The Echo of Charlottesville


A mother with heavy eyelids, standing firm-footed at a NICU crib. A mother on hands and knees, pulling cherry tomatoes from a backyard garden for supper's side salad. A mother with an empty house, a comfy sofa, and a cue full of Netflix movies.

No matter what a mother is doing at the time they are hit with the ton of bricks news that their child has died, the reaction is likely one-in-the-same--a loss of breath, a wave of grief, a quivering of balance, and a mind-reel of sweet memories grappling for synapses and brain nerves to clutch onto.

It's what I imagine was the reaction of Susan Bro, whose daughter, Heather Heyer, was killed when a car driven by an alleged Nazi sympathizer violently plowed through a crowd of demonstrators protesting a rally of white nationalists in Charlottesville, Va.

An unsettling aftershock from a quake of hatred.

Yet for a mom in the thick of grief, Bro has publicly displayed peace-personified. In interviews, she has admired her daughter's passion for advocacy of the disenfranchised. She's emphasized how she loved how her daughter loved all people. Her father Mark Heyer, too, amidst his own confusion and sadness, found the strength to forgive the driver who struck and killed his daughter on national television.

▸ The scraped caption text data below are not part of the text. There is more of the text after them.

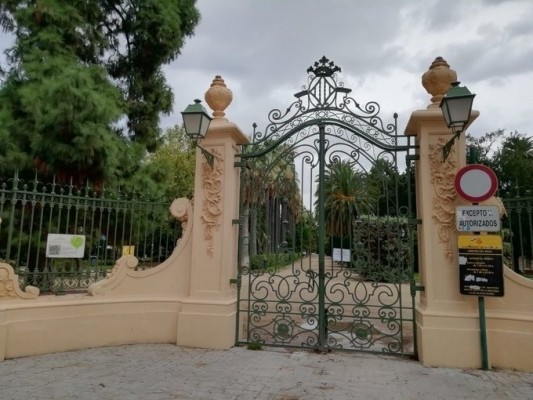 Los parques y cementerios de València permanecen cerrados por el viento y los trabajos de limpieza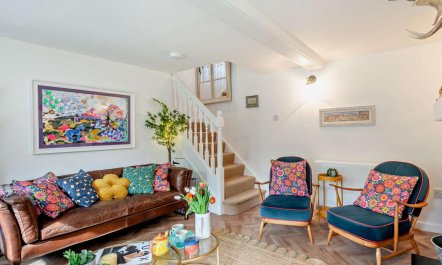 2 Bed in Walsingham 1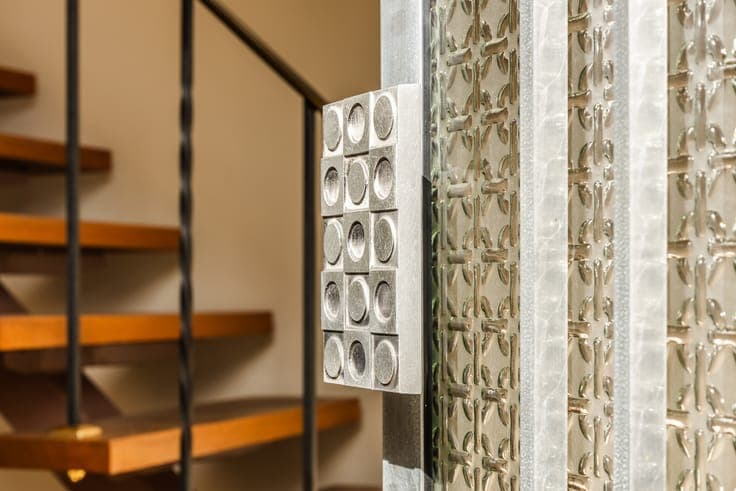 Te renoveren halfopen woning met diepe tuin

Bro and Heyer shouldn't just be proud of their brave, beautiful daughter. They should also be very proud of themselves. The seeds of acceptance and empathy they've sowed into their daughter's life are worth more than gold. Those seeds will continue to blossom and grow despite the storms that brew around them.

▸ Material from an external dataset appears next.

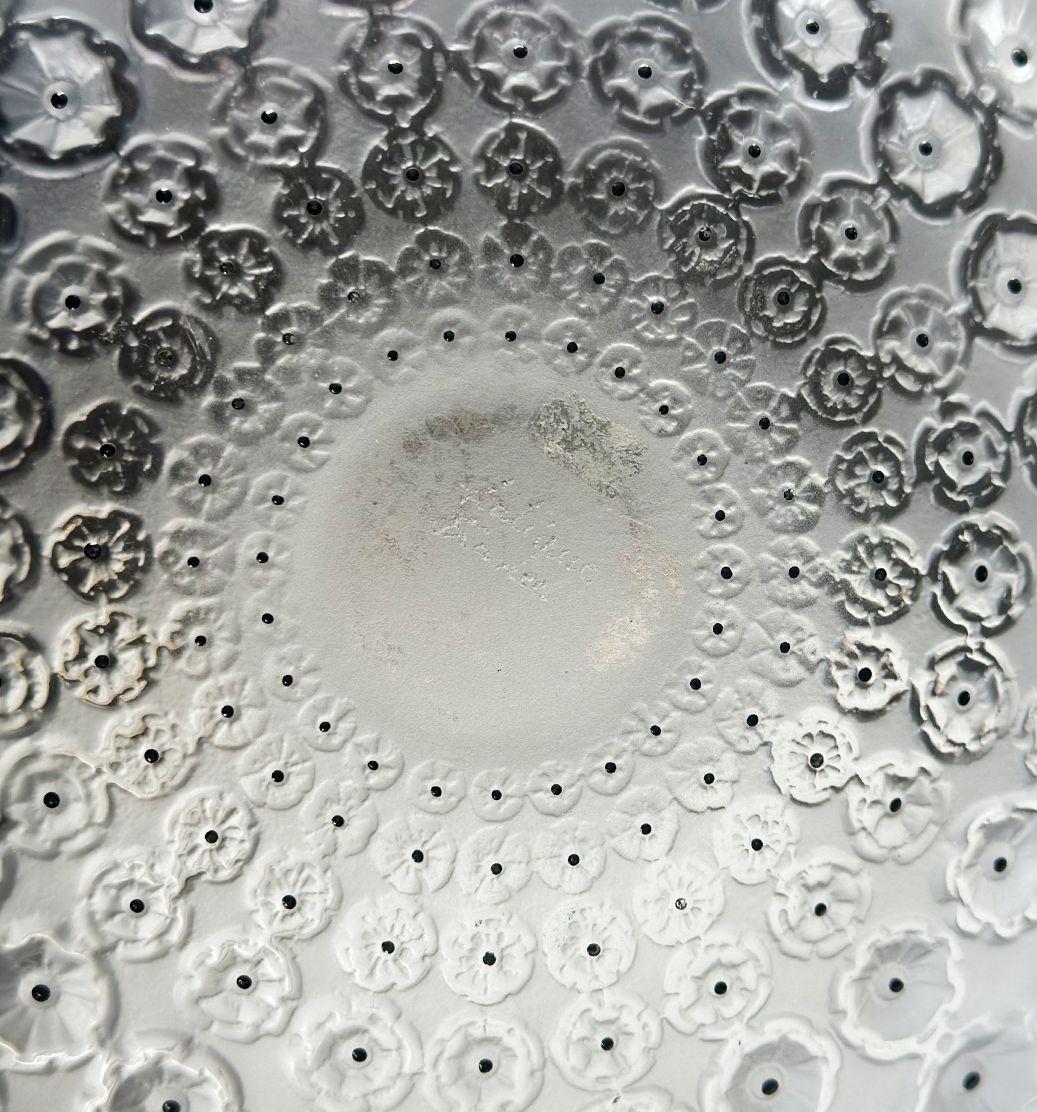 Inizio XX secolo Ciotola in vetro smaltato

"Train up a child in the way he should go, Even when he is old he will not depart from it." -Proverbs 22:6

“I don’t want her death to be a focus of more hatred, I want her death to be a rallying cry for justice and equality and fairness and compassion,” Bro told the Huffington Post.

While the historical implications are vast, more than anything, the defining events of Charlottesville remind us that little ears are always listening. Our children are intent on everything in earshot, and they're filing away each and every sound byte so that it may resource their future lives. Are we feeding them with words of hope and not fear, acceptance and not rejection, love and not hate?

Just as Heather Heyer's parents filled their daughter's head and heart with declarations of acceptance and equality, and just as the Bible encourages unity amidst diversity, we must continue to verbalize these same truths so that they echo for all to hear.

Thanks.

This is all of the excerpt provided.